Para atingir essa marca dos dois dígitos de horas de jogo, também ajuda o facto de haver uma boa quantidade de conteúdo adicional dentro e para além da campanha. Dentro dos níveis, temos os tais colecionáveis e missões secundárias referidas acima. As segundas, podem varia entre atravessar rapidamente uma secção do nível, recolher itens espalhados, entregar um item importante sem sofrer dano pelo caminho, ou encadear habilidades de modo a acumular uma certa quantia de pontos. Para além da campanha, temos uma série de níveis especiais que são desafios de plataformas mais puros, e que podemos desbloquear gastando os colecionáveis que recolhemos nos níveis base. E temos também modos de Time Trial e de desafio de Speedrun, que nos obrigam mesmo a demonstrar todo o domínio das mecânicas de jogo. Há muito para explorar e há imensos incentivos à rejogabilidade – incentivos esses que nos compelem a ficar mais umas quantas horas neste mundo de ioiôs mágicos e exércitos de pinguins.

Mas nem tudo é belo e maravilhoso em Penny’s Big Breakaway. Por muito entusiasmante que seja dar o clique e dominar as mecânicas, há algumas falhas que são exacerbadas quando isto acontece. A primeira, e mais óbvia, é a falta de escalar de dificuldade entre níveis. Toda a curva de aprendizagem do jogo está dependente do quão rápido ou eficazes somos a dominar e a encadear as habilidades de Penny e Yo-Yo. A partir desse momento, todos os níveis parecem ter o mesmo nível de dificuldade. Um nível do nono mundo, não é mais difícil do que um no terceiro, ou do quinto. Não sentimos que a dificuldade vá aumentando ao longo da campanha, ficando a sensação de que os produtores receavam alienar os jogadores que demorassem mais tempo a dominar as mecânicas.
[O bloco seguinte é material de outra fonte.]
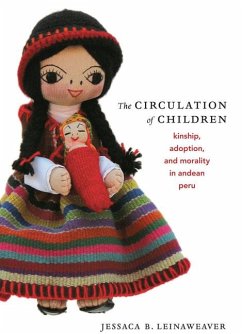 The Circulation of Children - Leinaweaver, Jessaca B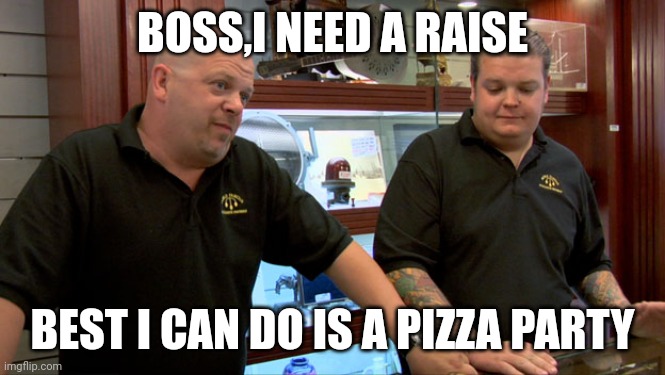 Pawn Stars Best I Can Do | BOSS,I NEED A RAISE; BEST I CAN DO IS A PIZZA PARTY | image tagged in pawn stars best i can do | made w/ Imgflip meme maker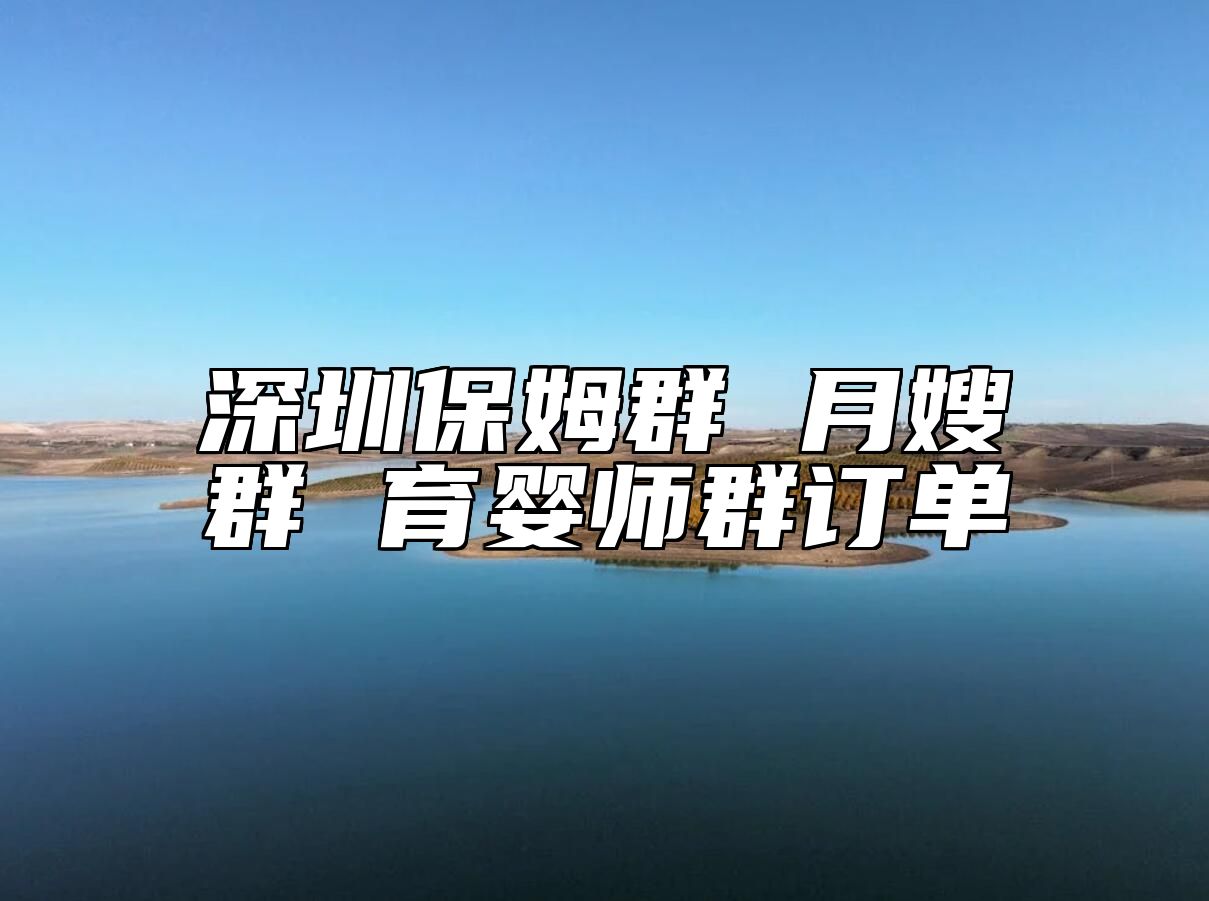 深圳保姆群 月嫂群 育婴师群订单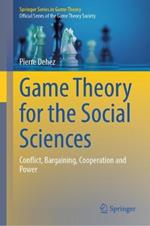 Game Theory for the Social Sciences: Conflict, Bargaining, Cooperation and Power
Ou seja, a dada altura, deixámos de nos sentir desafiados pelos níveis do jogo. Foram sempre divertidos de explorar e conquistar, mas gostaríamos de ter sido mais desafiados.


De resto, o jogo apresenta demasiados bugs, inconsistências e problemas técnicos. Estes problemas dizem sobretudo respeito à quebra acentuada na taxa de fotogramas sempre que chegamos a uma área mais ampla e recheada de água, ou sempre que o jogo começa a carregar demasiados elementos cénicos no pano de fundo. Como seria de esperar, num jogo de plataformas que exige bastante precisão em todas as ações, movimentos, e afins, isto é um problema que causa um incómodo notório. Nunca morremos por causa de uma destas desacelerações, mas perturba a fluidez do jogo.

Já os bugs, dizem todos respeito à interação de Penny com elementos ambientais. Nomeadamente, no quão presos podem ficar nestes. Perdemos genuinamente a conta das vezes em que Penny devia ter aterrado numa plataforma e ou ter lá permanecido ou escorregado por ela abaixo. Mas não, foram imensas as vezes – imensas mesmo – em que vimos Penny simplesmente ficar presa na borda de uma plataforma, às cambalhotas no lugar, até que finalmente, passados uns quantos segundos, escorregava por essa borda abaixo e caía para a sua morte. As caixas de contacto com as bordas das plataformas são muito inconsistentes, e leva a este bug extremamente recorrente que nos faz perder imenso tempo e paciência.

O problema das caixas de contacto inconsistentes é um problema que temos, de facto, de lamentar profundamente. Não só pelo que descrevemos no parágrafo anterior, mas também pelo facto de prejudicarem muito a diversão das batalhas boss de Penny’s Big Breakaway. Estas batalhas deviam reenquadrar as mecânicas de jogo e colocar-nos diante de desafios diferentes e que mexem com a fórmula. E até certo ponto, conseguem fazer exatamente isto, com os confrontos a serem uma lufada de ar fresco criativa e divertida, até certo ponto. Mais concretamente, até ao ponto em que as caixas de contacto se apresentam como um problema relativamente danoso.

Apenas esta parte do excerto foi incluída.